§ Problem to work on: Copy out the data below as written; omit any images.

+++ Information provided +++

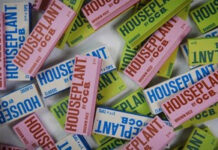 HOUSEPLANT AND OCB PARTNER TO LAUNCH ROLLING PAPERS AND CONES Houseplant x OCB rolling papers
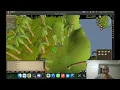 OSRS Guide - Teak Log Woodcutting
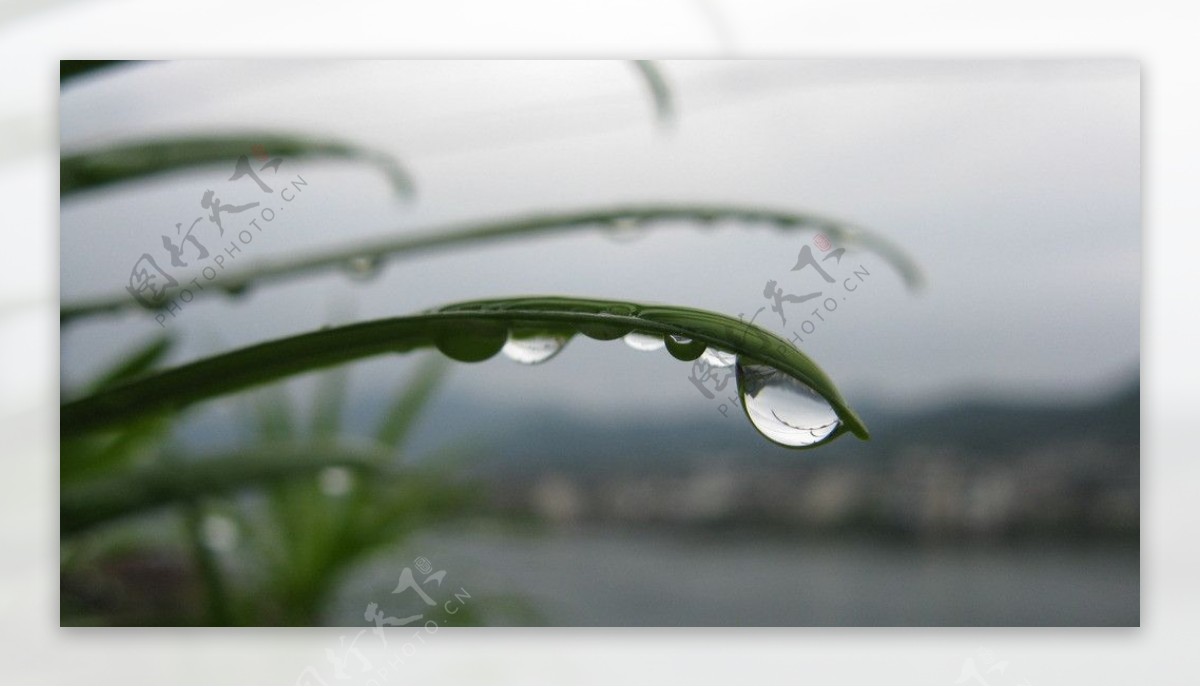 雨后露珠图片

+++

§ Solution:
 HOUSEPLANT AND OCB PARTNER TO LAUNCH ROLLING PAPERS AND CONES Houseplant x OCB rolling papers
 OSRS Guide - Teak Log Woodcutting
 雨后露珠图片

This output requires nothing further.